▶ _Assignment_: Your answer must be the records below, repeated exactly, with every picture left out.

____ Dataset excerpts

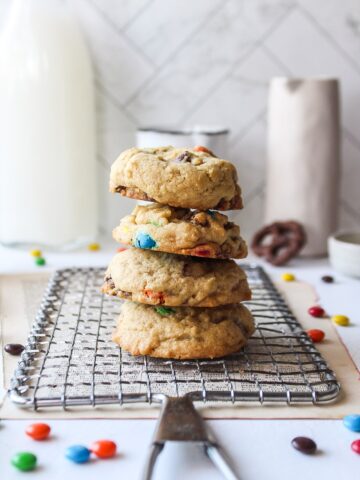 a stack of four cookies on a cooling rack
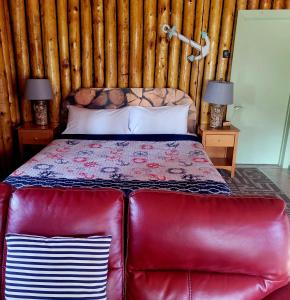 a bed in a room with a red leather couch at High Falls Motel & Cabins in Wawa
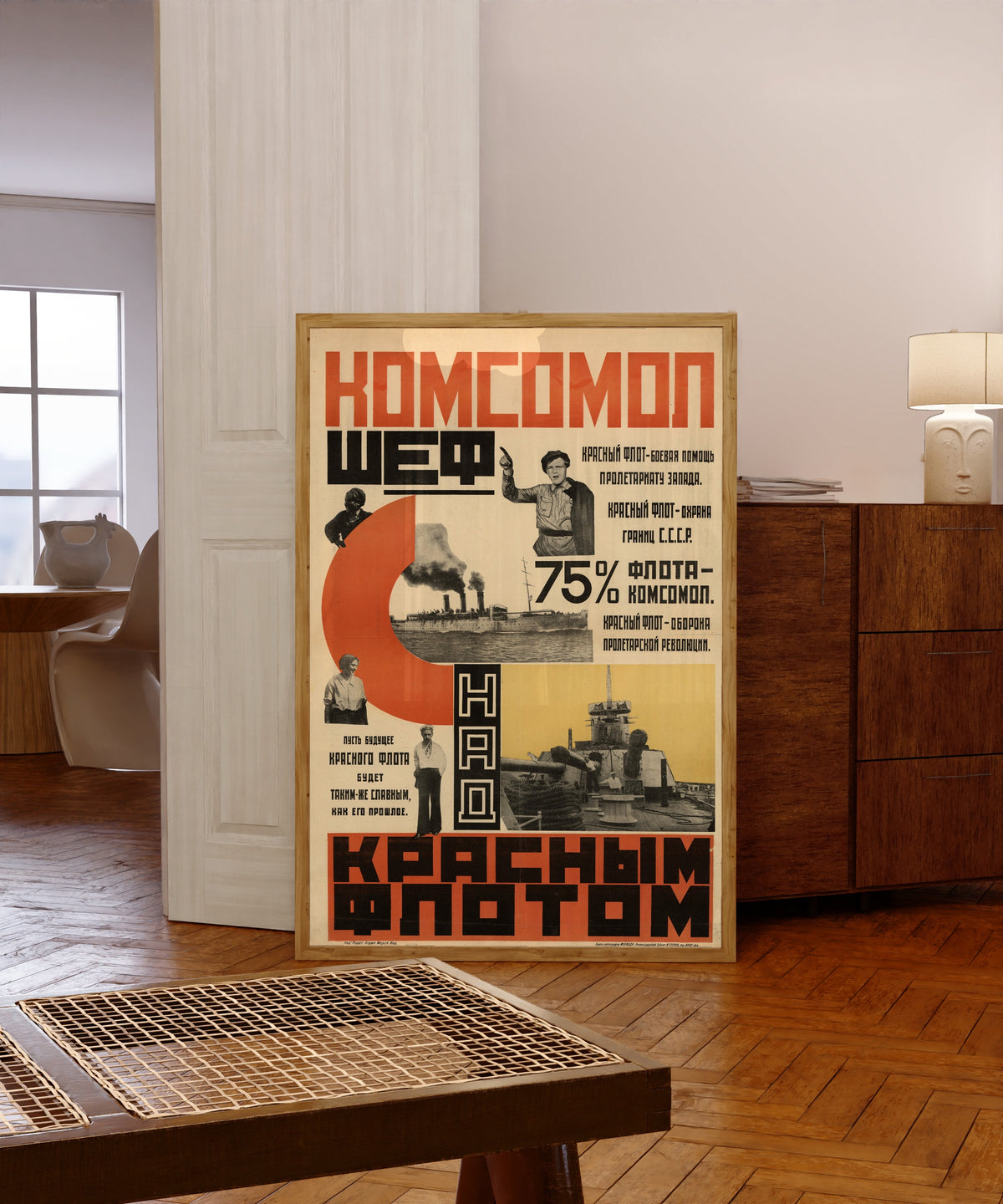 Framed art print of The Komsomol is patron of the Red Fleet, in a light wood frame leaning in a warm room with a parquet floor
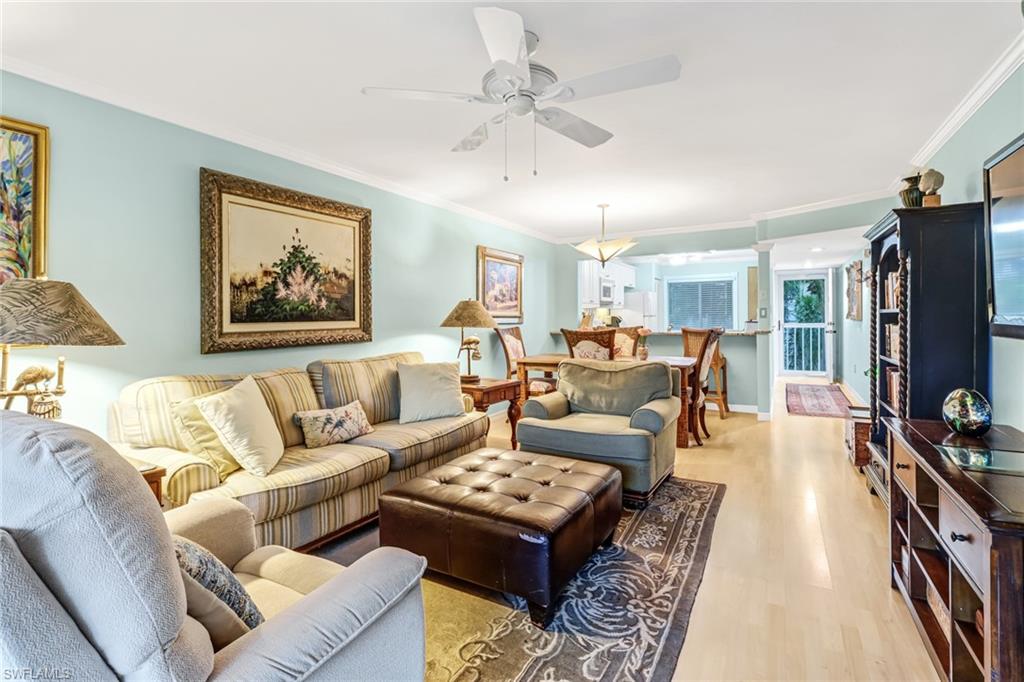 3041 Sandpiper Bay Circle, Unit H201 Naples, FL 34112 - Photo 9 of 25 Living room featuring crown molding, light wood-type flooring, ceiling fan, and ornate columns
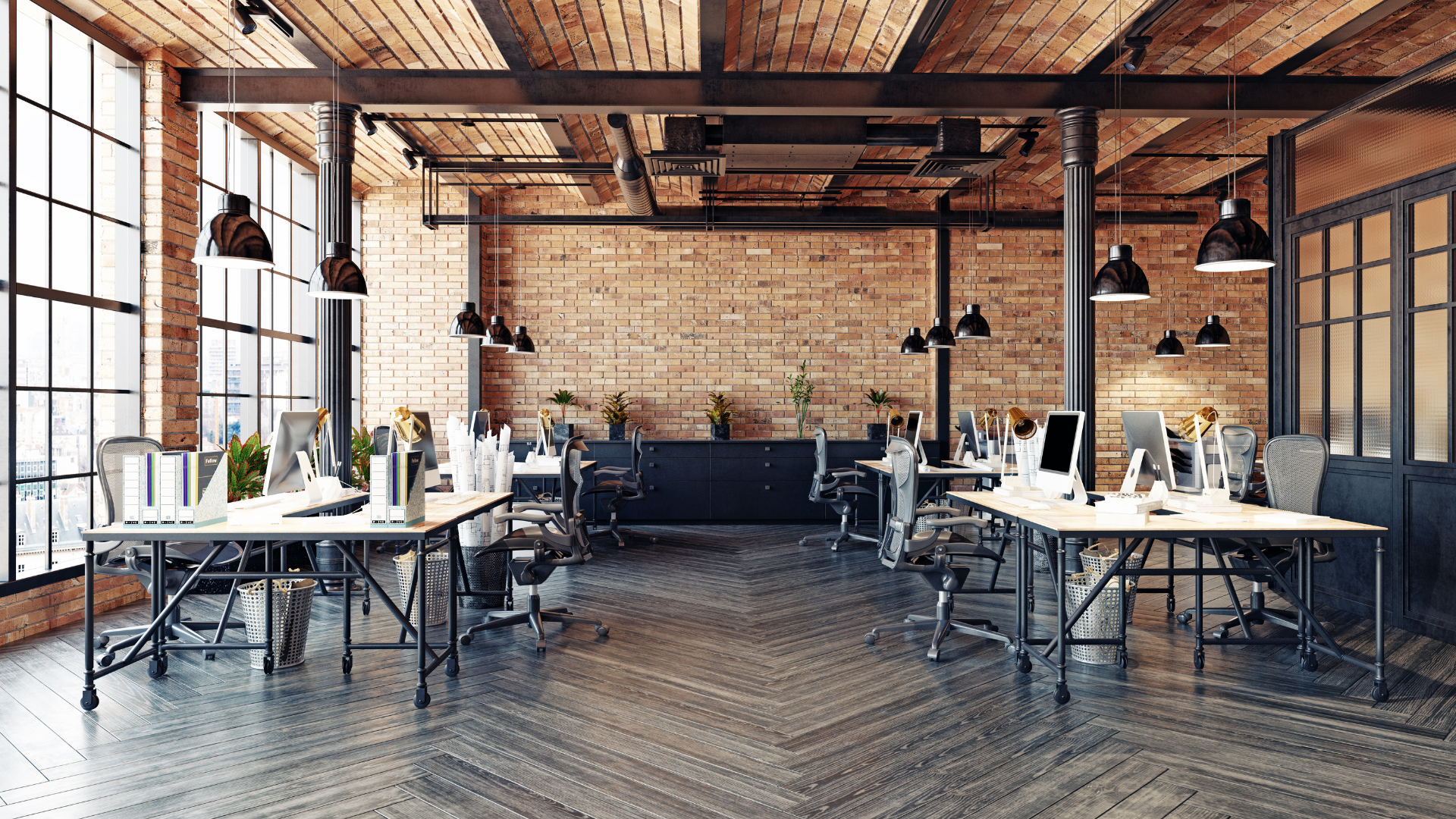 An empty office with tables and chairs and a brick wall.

________

▶ _Completed task_:
 a stack of four cookies on a cooling rack
 a bed in a room with a red leather couch at High Falls Motel & Cabins in Wawa
 Framed art print of The Komsomol is patron of the Red Fleet, in a light wood frame leaning in a warm room with a parquet floor
 3041 Sandpiper Bay Circle, Unit H201 Naples, FL 34112 - Photo 9 of 25 Living room featuring crown molding, light wood-type flooring, ceiling fan, and ornate columns
 An empty office with tables and chairs and a brick wall.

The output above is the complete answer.